Exploring natural languages with Nalaprop

I recently updated my free linguistic analysis utility Nalaprop. This article is an introduction to its features, which use the advanced analysis functions built into more recent versions of macOS, specifically from Mojave onwards. If you’re in the least bit interested in language, or want to analyse any writing, then Nalaprop has features which are only available in expensive and specialised products – all free, courtesy of macOS.

Mojave and later include sophisticated functions which analyse natural languages in several different ways. To start with, I’ll explain these using the multi-language sample file which is included with Nalaprop: nalapropMultiTest1.txt. Nalaprop opens plain text files directly, or you can paste or type text for analysis into its left view. To start this demonstration, simply open that file using the Open command.

nalaprop01

When it opens a text file, the contents are automatically analysed and displayed in two of its views. At the left is the original text, and in the middle is the same text with each word coloured according to its part of speech, such as noun and verb. The key to the colours used is at the right.

Scroll down through the centre view and you’ll notice that this file consists of multiple languages, a total of 20. Some of them are shown in multiple colours, indicating that macOS has been able to recognise that language and parse it into parts of speech. In Catalina 10.15.6, there’s support for this for the following eight languages: English, French, Spanish, German, Italian, Portuguese, Russian, and Turkish (I suspect the last is limited).

Apple normally adds support for languages other than English when the first full version of each major version of macOS is released. If you’re running Nalaprop on a Big Sur beta, you’re therefore only likely to see English parsed for the time being, but that should change with the release of 11.0.

To perform a wider range of analyses, click on the MultiParse button at the top of the window. After a short delay during which macOS analyses the text in more detail, the popup menu at the top of the middle view is enabled, and the colours of the text in that view change, as does the colour key at the right.

To see the sample text analysed for its script (alphabet), select Script in that popup menu. This displays each script in a different colour, which includes Russian, Arabic, and more. Even those languages which macOS is unable to parse into parts of speech are recognised and labelled.

nalaprop02

Repeat this by switching the popup menu to Language, and you’ll see that macOS is excellent at recognising almost all of the languages, although some of the East Asian languages and Esperanto at the end of the samples make it struggle.

There are two entries in the popup menu for Types: the upper of the two uses colours different from the default, and the lower is the same as when you first opened the file.

The last of the options in the popup menu shows different text from the original, at the left: these are Lemmas, word roots without grammatical alteration. Instead of the verb was, it displays the verb root be, and so on. This can be very helpful if you’re looking at the frequency of words, or trying to translate then, for instance.

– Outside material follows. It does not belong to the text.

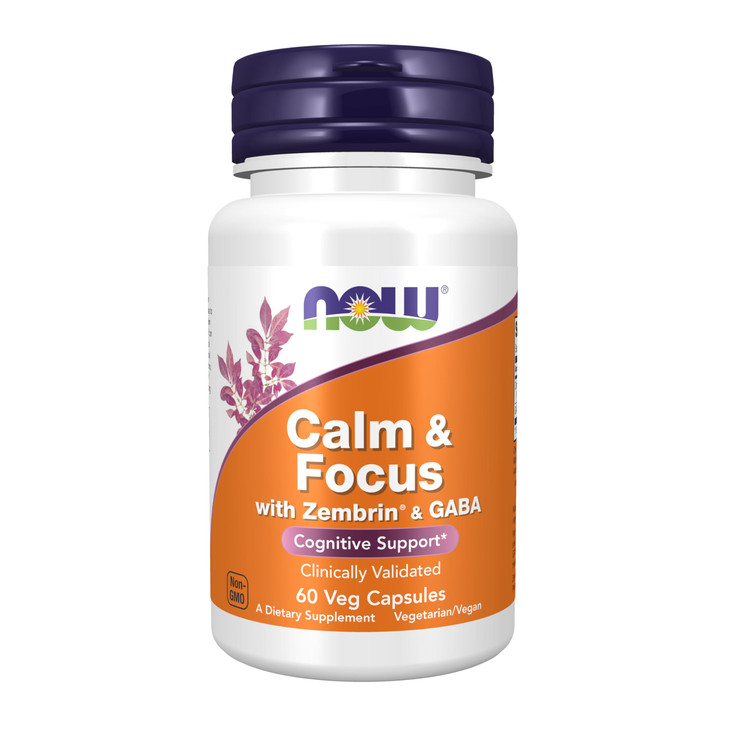 Now Supplements Calm & Focus with Zembrin® & GABA, Cognitive Support*, Clinically Validated, 60 Veg Capsules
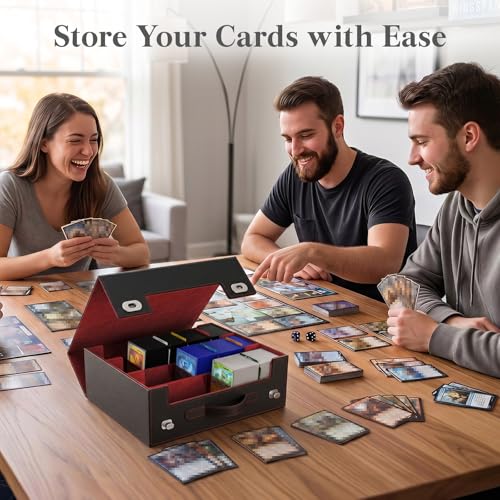 Lifewit Trading Card Storage Box with Handle, Holds Up to 1800 Sleeved Cards with 12 Adujstable Dividers & 4 Stoppers, Aluminum Closure PU Leather Case for MTG, PTCG, YGO, Sports Cards, Black& Red - color: Black&Red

Nalaprop also performs word frequency analysis, and can do that either on the words used or on their lemmas. To test this out, you’ll need a fairly long plain text document: here I’ll use a copy of Charles Dickens’ novel A Christmas Carol. Open that using the Open command, which should automatically parse it into parts of speech. Then click on the List button at the top right of the window.

nalaprop03

All the words found in the document are then summarised by part of speech, starting with verbs. For each word found, the number of occurrences is given in parentheses. Because this analysis is performed on unmodified words, you’ll see words from the same lemma, like afford and afforded, counted separately.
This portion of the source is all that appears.